Anthony M. Romano, Chief Executive Officer of Destination Maternity Corporation, said, "Although our financial results for the transition period are challenging, it was successful and productive.  Although we are not satisfied with the total sales for the period, our 2.0% comparable sale decrease was incrementally better month by month and was positive in January. Our core operating results were about where we expected, and we took some difficult but necessary actions to correct foundational issues in our business to improve our prospects for long term success, including an inventory write-down of approximately $11 million.

"The inventory write-down reflects a significant transformation to our inventory management program. The previous inventory management program viewed inventory as non-perishable and fungible from one year to the next.  Inventory that was not liquidated in-season was recalled to the distribution center and redistributed to stores in a future period. Our transformation recognizes the evolution of the millennial consumer as an increasingly greater percentage of our customer base coupled with ongoing strong competition. The millennial consumer has high expectations regarding her shopping experience and she demands a stronger, more relevant, current fashion assortment. The inventory write-down was necessary to address these changes in our marketplace and will allow us to remove excess units of prior season styles, which impact the visual quality of our presentations and most importantly, actively compete with new receipts at much lower price points and gross margins. This investment will help us accelerate improvement in our presentations and reduce competition with new receipts, driving higher average unit retail selling prices and average dollar sales per transaction and ultimately generating increased comparable sales and higher gross margin dollars.

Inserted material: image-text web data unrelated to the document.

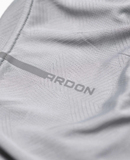 Ardon ULTRITE AIR Tričko pánske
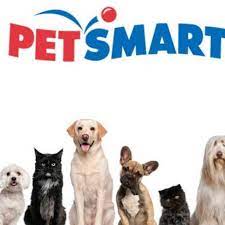 Maybe you would like to learn more about one of these? Northeast Philly Petsmart Home Facebook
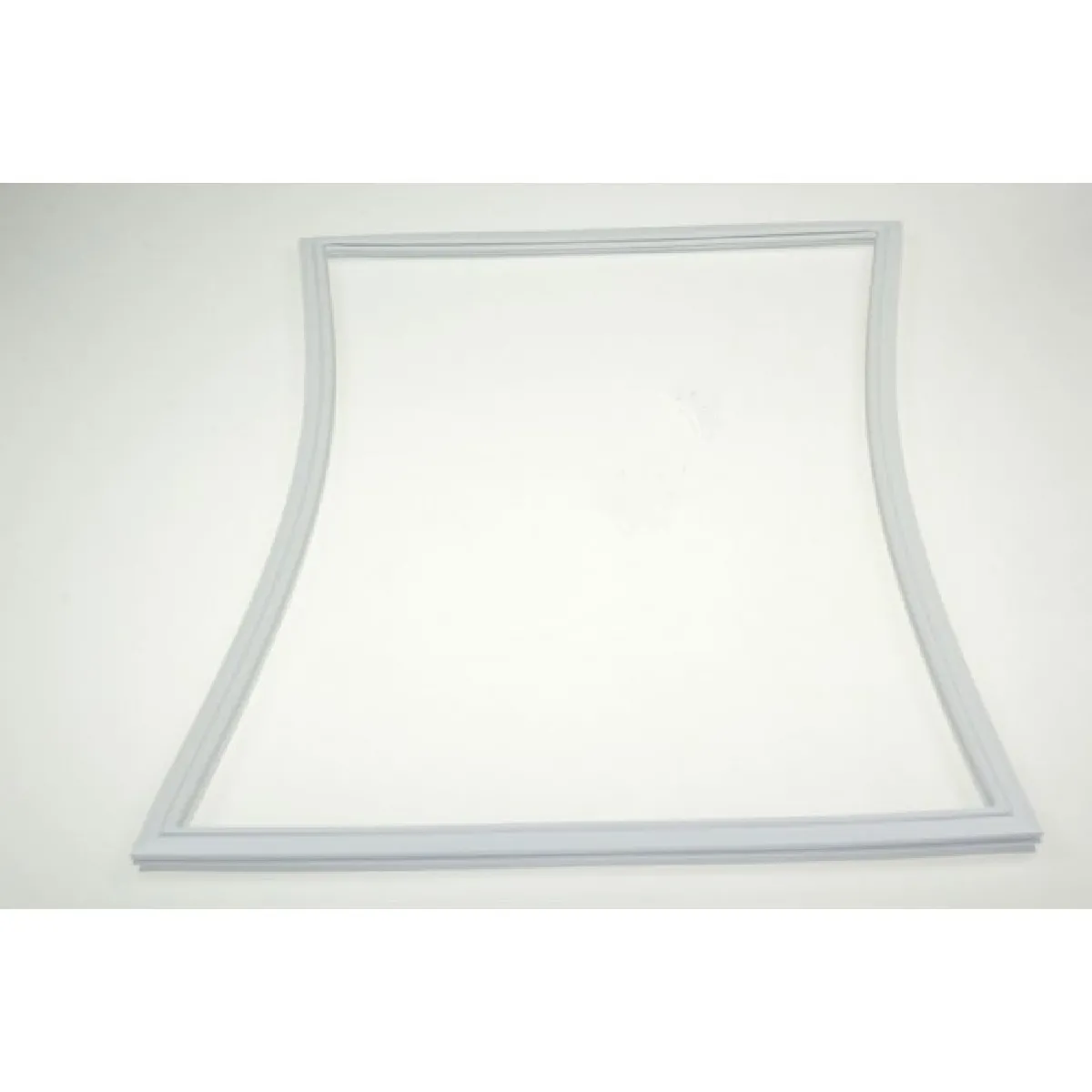 Siemens Joint de porte Bosch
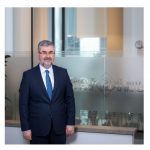 Seranit 2025 Yılını İhracat Odaklı Büyüme ile Tamamladı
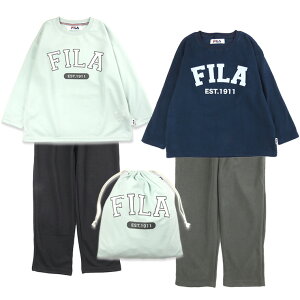 FILA   pW} 2Zbg  ㉺ZbgAbv 2g Вt LbY WjA ̎q H~t 130 140 150 160 70365XH GO[ tB Y{ iCgEGA  QԒ vI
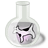 print icon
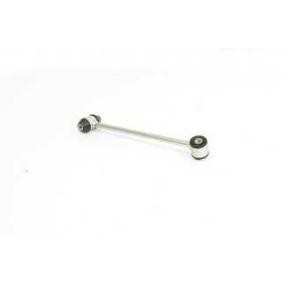 Comprar Bieleta de suspensión de BSG BSG 60-310-215 a bajo precio de 42,10 €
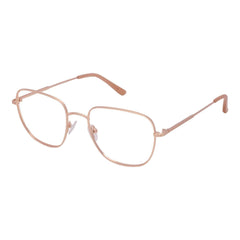 Shirley Blue Light Blocking Glasses - Sparks & Feros Optometrists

"Another critical component driving our transformation will be a change of our current planning and allocation process from a pull based allocation approach to the specialty retail industry leading best practices push model. The push model is a multi-variant approach that factors in sales history and anticipated demand at the more detailed product classification level and gives consideration to store geography, as well as minimum and maximum presentations based on planned rate of sale and exit dates. We recently launched a system selection process for a best-in-class allocation tool as a key component in support of a collaborative process that includes buying, planning, and allocation experts to drive effective inventory placement resulting in comparable sales.  We will have more to share on implementation schedule and timing of benefits in the coming quarters.  In the interim, we are employing manual allocation on a select key item basis to start the learning curve and accumulate some short-term benefits.

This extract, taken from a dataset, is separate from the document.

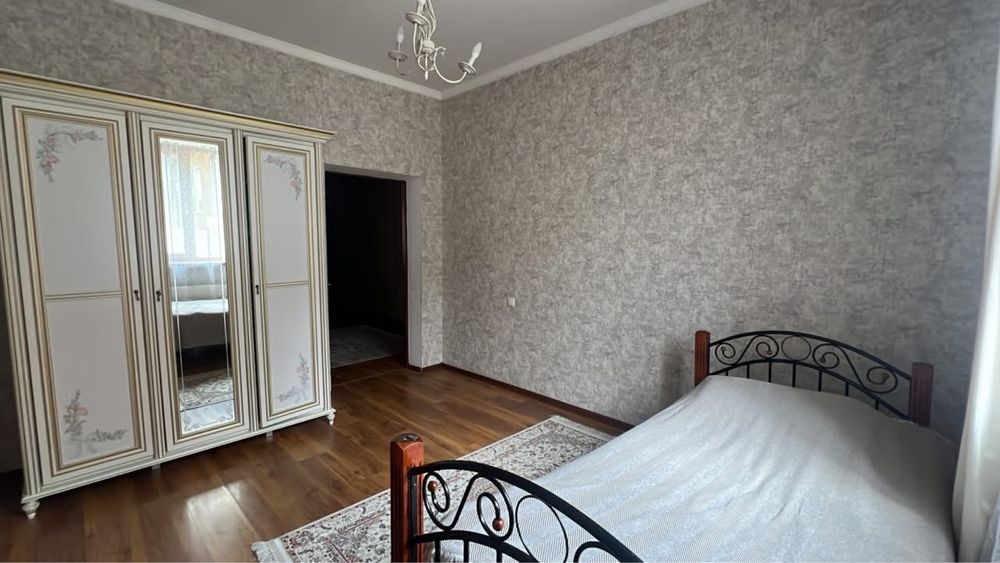 Продам дом в Каскелене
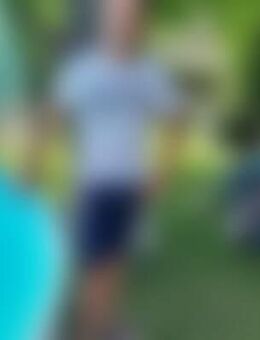 Ste*** - Babenhausen (Hessen)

"During this transition period, we have been productive with a number of other critical initiatives helping to drive our transformation, including initiating changes to our organization and processes, continuing our efforts to leverage our significant investment in CRM, and adding impressive talent to our senior leadership team. It has been a successful and productive interim period, taking a number of difficult yet positive steps to ensure we meet the high demands, wants and needs of our growing millennial customer base. I remain optimistic about the opportunities for us at Destination Maternity Corporation."

The Company is changing its fiscal year end from September 30 to the Saturday nearest January 31 of each year. The fiscal year end change will align the Company's reporting cycle with the National Retail Federation fiscal calendar. The change is effective with the Company's fiscal year 2015, which began February 1, 2015 and will end January 30, 2016, and resulted in a four month transition period from October 1, 2014 to January 31, 2015.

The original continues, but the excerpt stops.